Top of AVAILABLE DATA

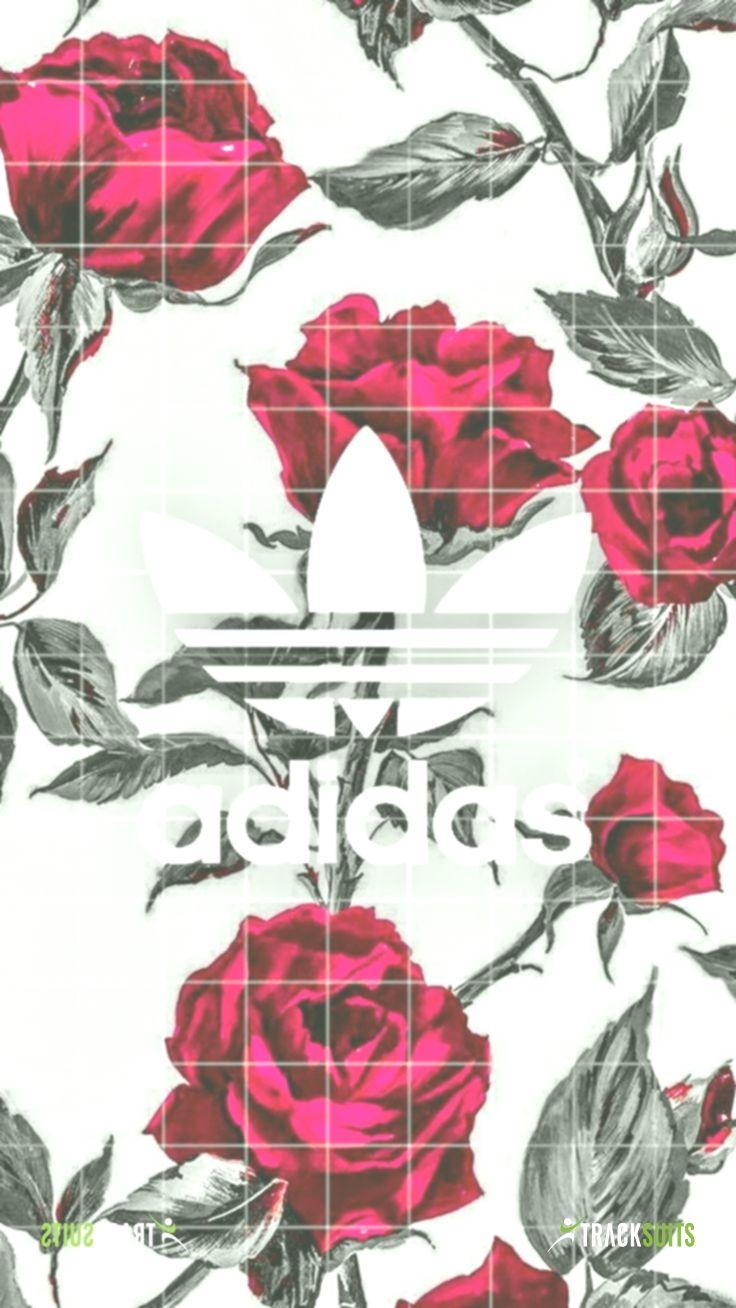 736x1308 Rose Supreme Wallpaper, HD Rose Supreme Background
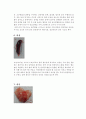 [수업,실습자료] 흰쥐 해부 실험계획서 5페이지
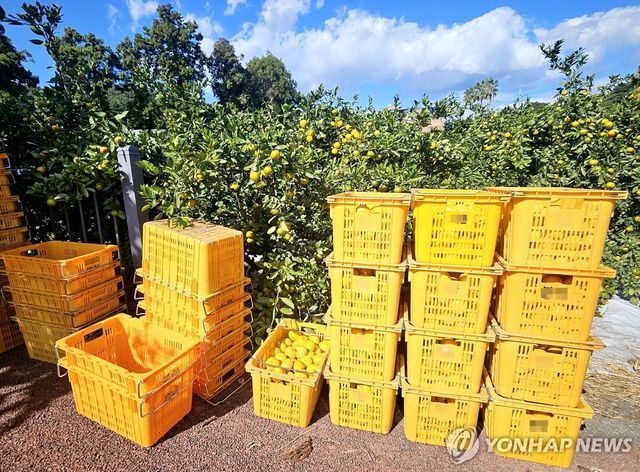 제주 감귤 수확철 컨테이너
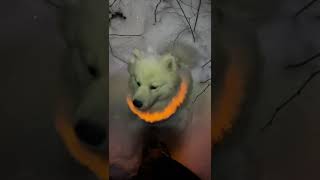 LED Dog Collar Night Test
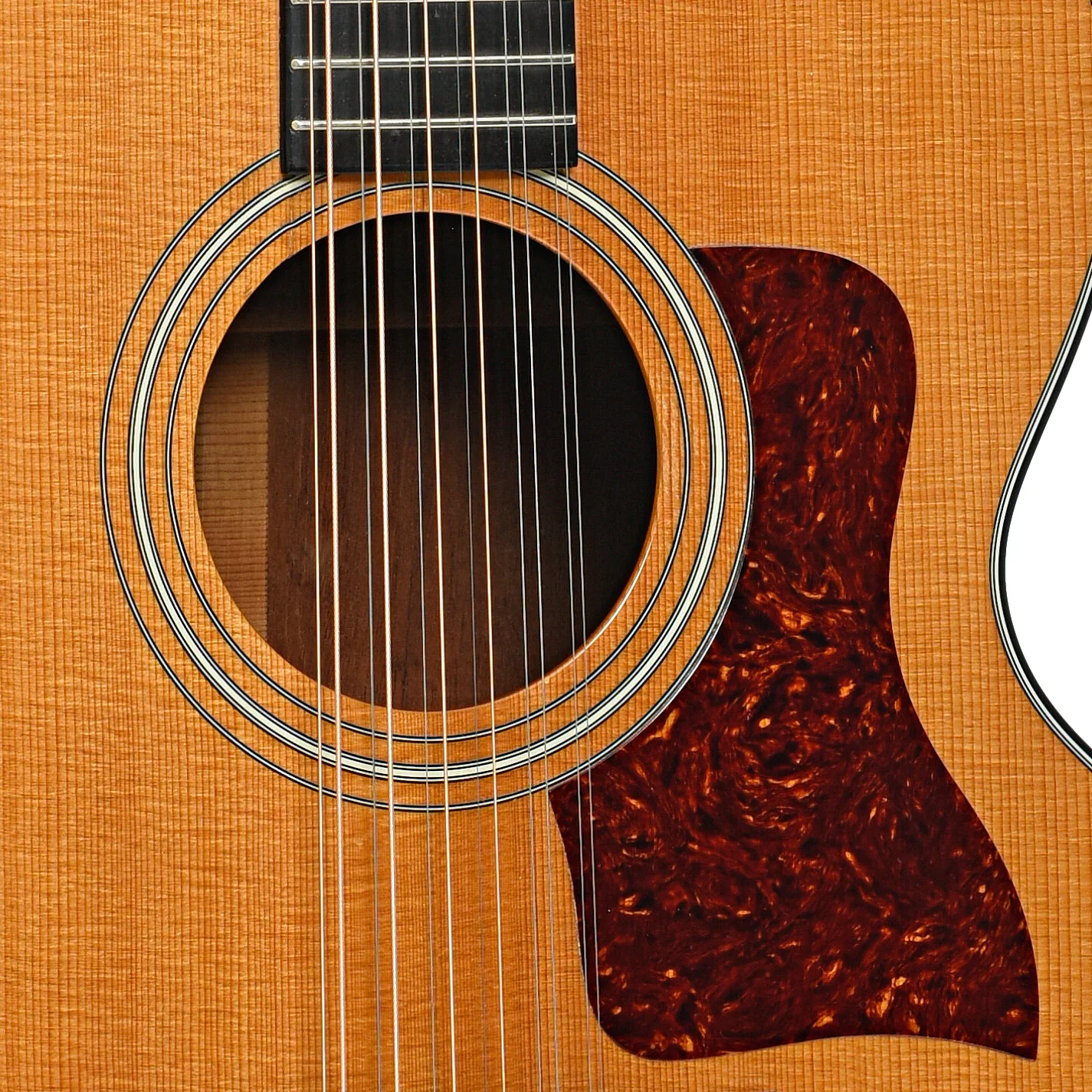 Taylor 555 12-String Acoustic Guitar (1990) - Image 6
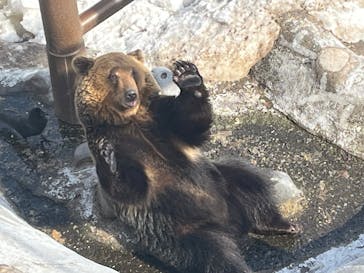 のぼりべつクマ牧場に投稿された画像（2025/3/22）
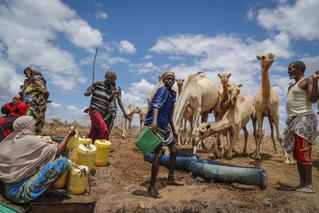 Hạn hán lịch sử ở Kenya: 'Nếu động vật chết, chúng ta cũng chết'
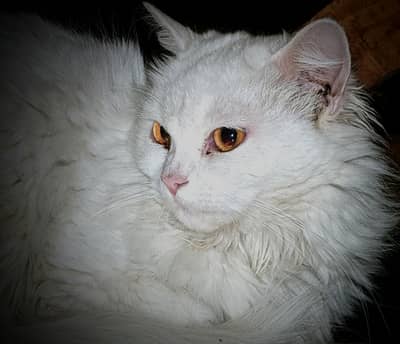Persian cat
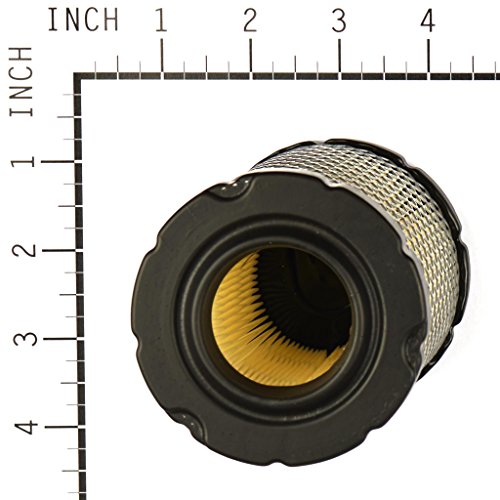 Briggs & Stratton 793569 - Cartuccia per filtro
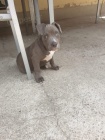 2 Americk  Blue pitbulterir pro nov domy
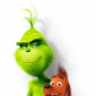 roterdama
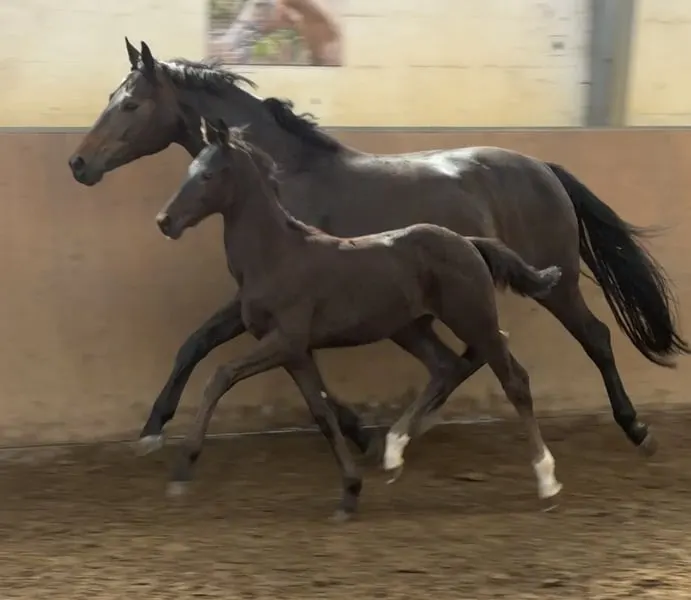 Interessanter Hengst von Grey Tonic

Bottom of AVAILABLE DATA

__TASK PROMPT__: In the records above, find the line containing "pro nov domy". Reproduce it and every line after it through the last line, omitting pictures.

__WRITTEN SOLUTION__:
 2 Americk  Blue pitbulterir pro nov domy
 roterdama
 Interessanter Hengst von Grey Tonic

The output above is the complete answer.